Automating Malware Analysis with Cuckoo Sandbox

Analyzing malware can be a lengthy process.

Malware today can be simple, like something that downloads another program from a rogue server, or complicated, perhaps utilizing advanced encryption or having many component modules that extend functionality.

The time required to analyze a sample really depends on the questions you need to answer. To fully understand a sample, it can take a long time–in some cases, it may take years.

Alexander Gostev of Kaspersky Lab said in regards to the Flame cyber-espionage malware, “it will take us 10 years to fully understand everything” due to the malware’s size and complexity.

The problem for malware analysts and security researchers alike is we don’t have years to dedicate to one sample; so, we need something to speed up the process and reduce the workload. There are many tools available to do this, one of which is a sandbox.

In the context of malware analysis (and computer security in general), a sandbox is a tool that runs a program in a secure environment (e.g. a virtual machine.) We’ve discussed this concept before in more detail here.

One popular sandbox is Cuckoo, a free and open source system provided by the Cuckoo Foundation. It does a pretty good job and provides nice detailed reports of its findings.

Cuckoo is a great resource, but setup is not exactly “user-friendly”. Installation is not done through a package, but manually with much attention to detail. The provided documentation will serve you well, but it helps to have a good understanding of things like Linux, virtualization software (VIrtualBox, VMware, etc), virtual networking, and the Python programming language.
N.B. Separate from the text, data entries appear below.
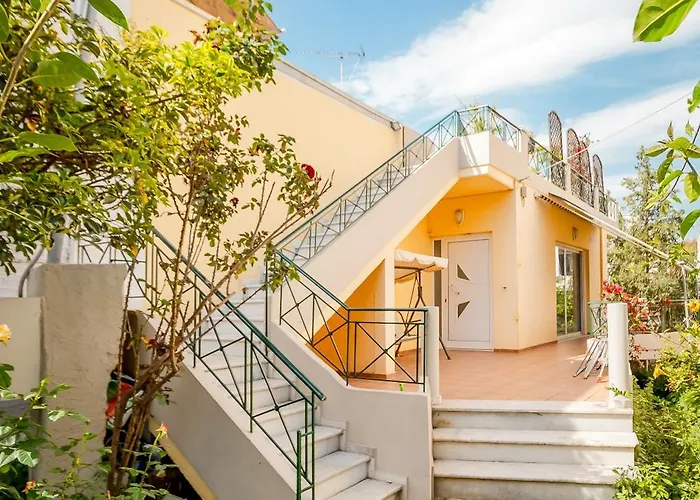 The Veranda Of Chania 하니아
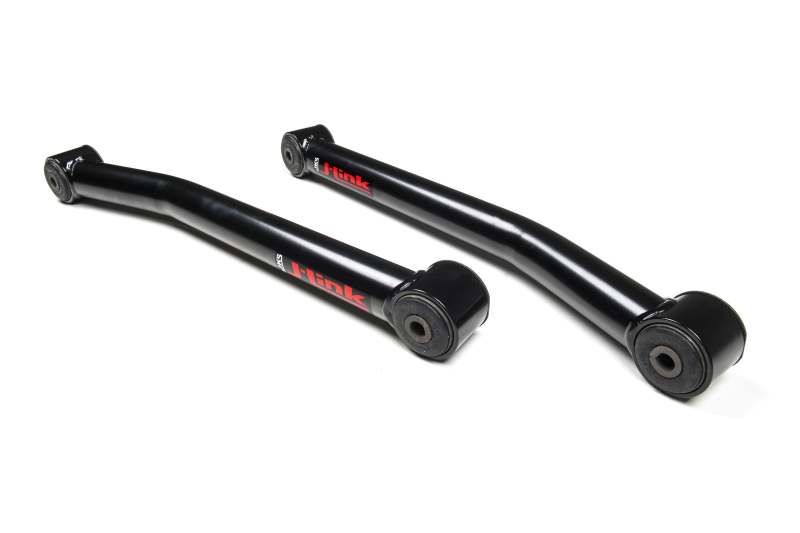 JKS Manufacturing Jeep Wrangler JK Fixed J-Link Lower Control Arms - Front-Control Arms-Grocery Getter Performance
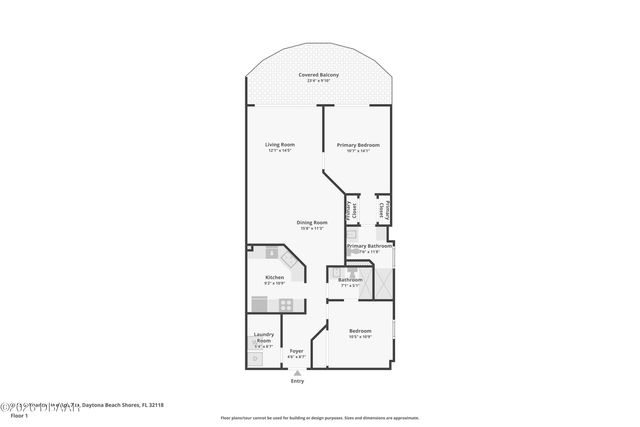 3115 S Atlantic Ave Apt 703, Daytona Beach Shores, FL 32118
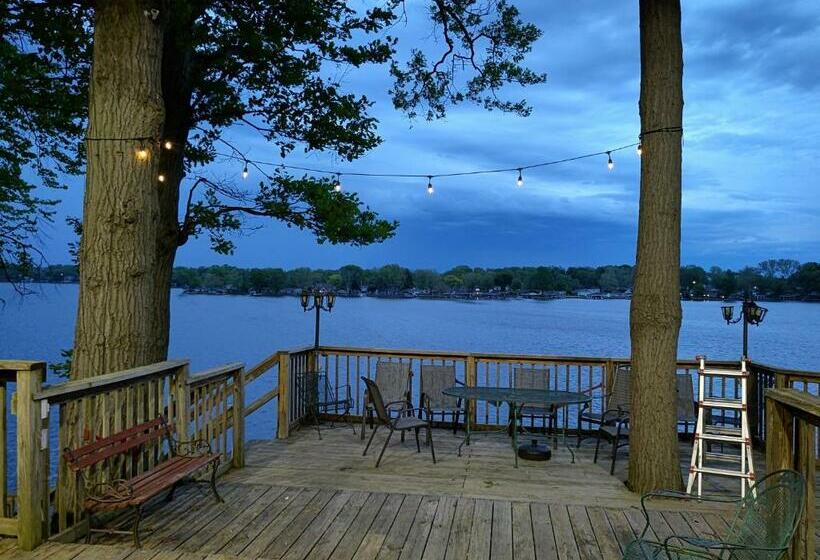 4인용 스탠다드 룸, Shafer Lakeside Resort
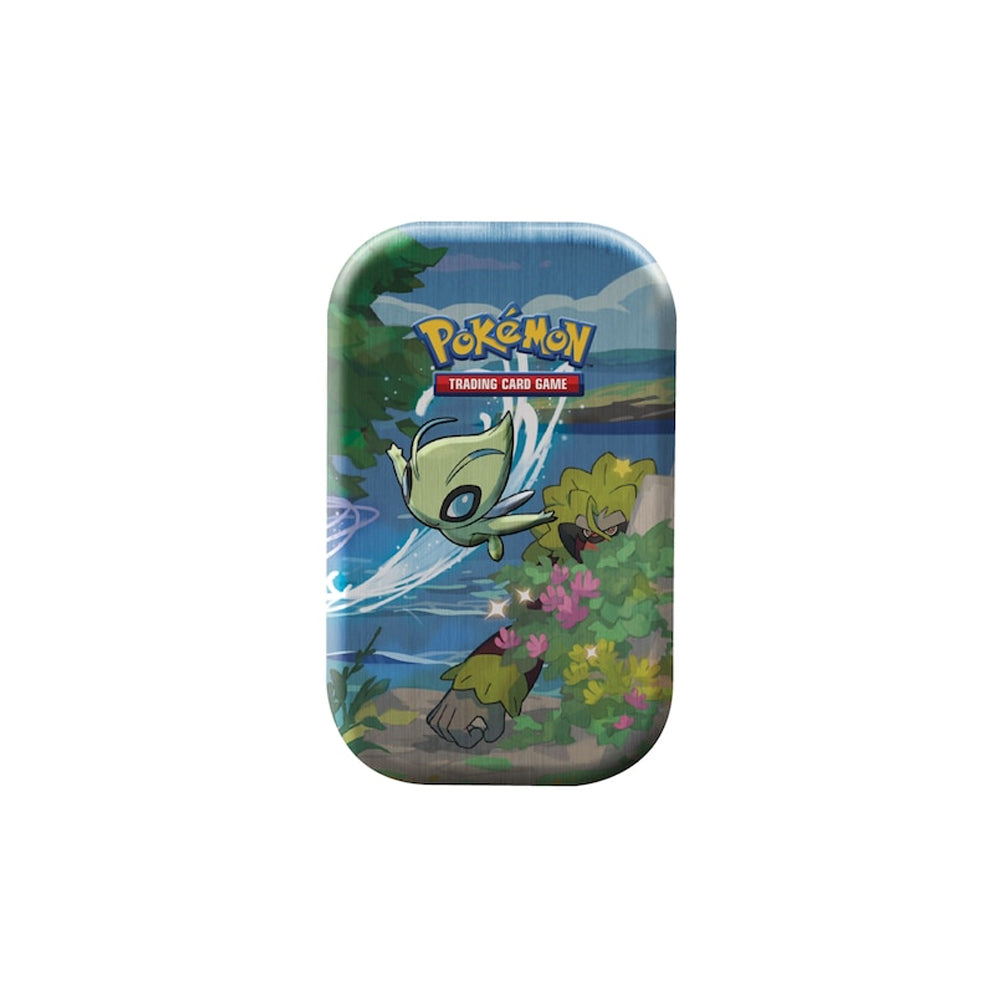 Pokémon TCG: Shining Fates Mini Tin (Zarude)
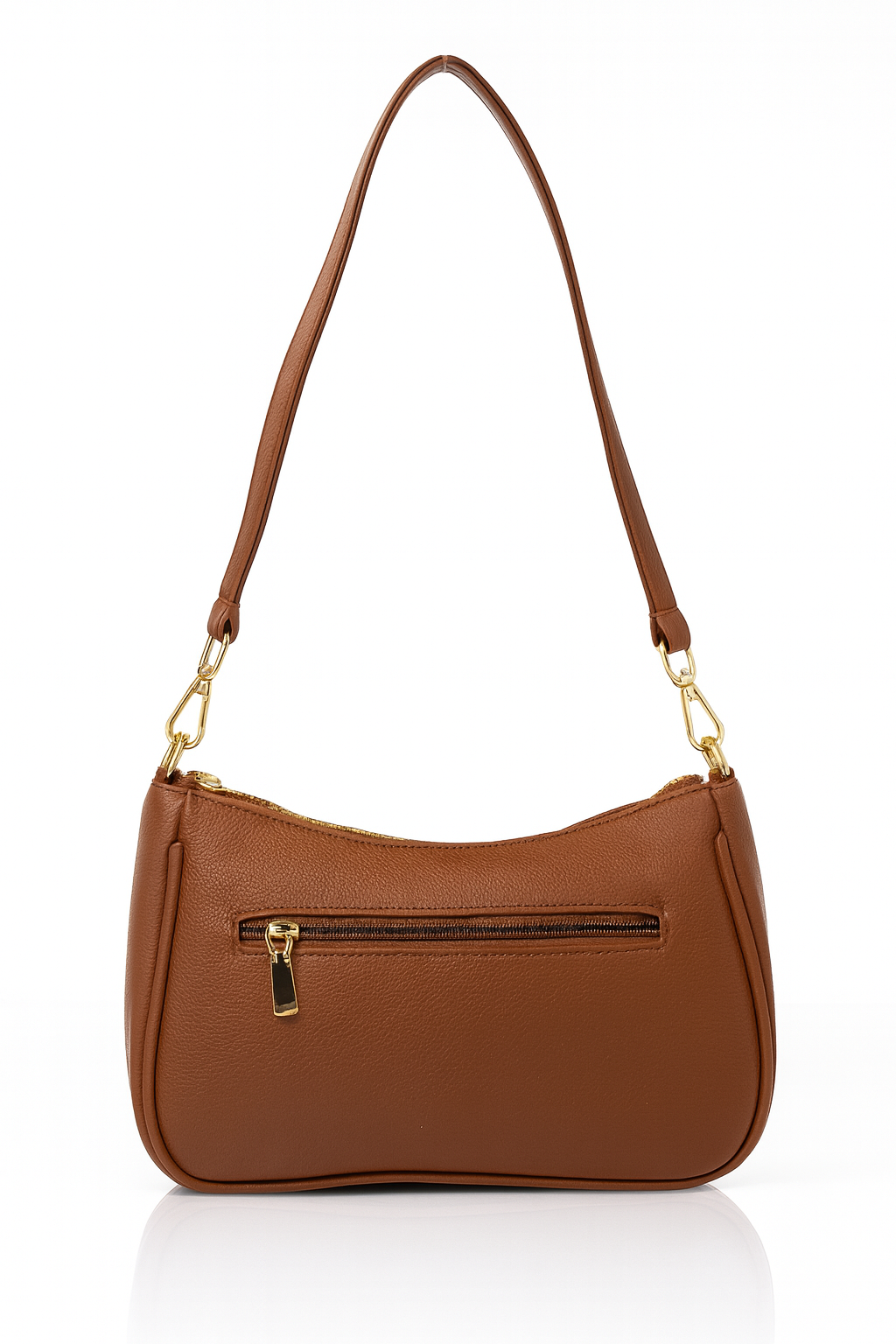 The Dune Croissant Shoulder Bag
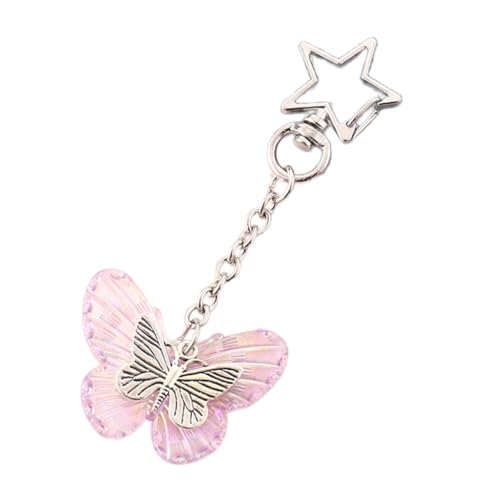 Ästhetischer Schlüsselanhänger, stilvolle Schlüsselanhänger, Zubehör für Damen, Tasche, Geldbörsen, K4610, Bohemian-Stil von Ldbuejiaja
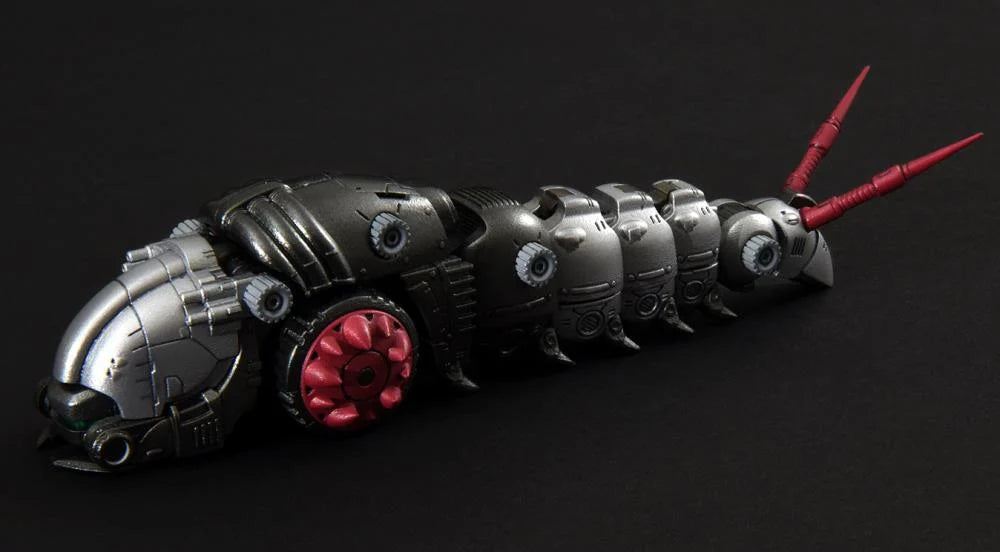 Takara Tomy Realize Model RMZ-005 Zoids - Molga Guylos Color [Model Kit]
Take plenty of time setting up the sandbox and make sure you understand the configuration. If it’s not making sense, read through the documentation repeatedly until you understand the basics.

Also, don’t stress if everything isn’t right the first time you launch Cuckoo. If you have errors, read the error messages and try to figure out what’s wrong before asking for help. You’ll likely end up learning a lot about how the sandbox works this way.

If you still can’t figure it out, you can always reach out to the community for more assistance. Here are some additional tips for beginners:

First, focus on getting Cuckoo to launch without errors. Don’t worry about reporting, guests, or anything else yet.
Configure one guest machine correctly. Once you have it configured, relaunch Cuckoo and see if your machine loads. If it does, you can clone it to create more and speed up processing. This is something that will take time, as you want to create an environment that is “malware friendly”.
Check your networking. As stated by the developers, “most of the issues reported by users are related to a wrong setup of their networking.” If you’re not an expert at virtual networking, I suggest you use the default setup as outlined in the documentation.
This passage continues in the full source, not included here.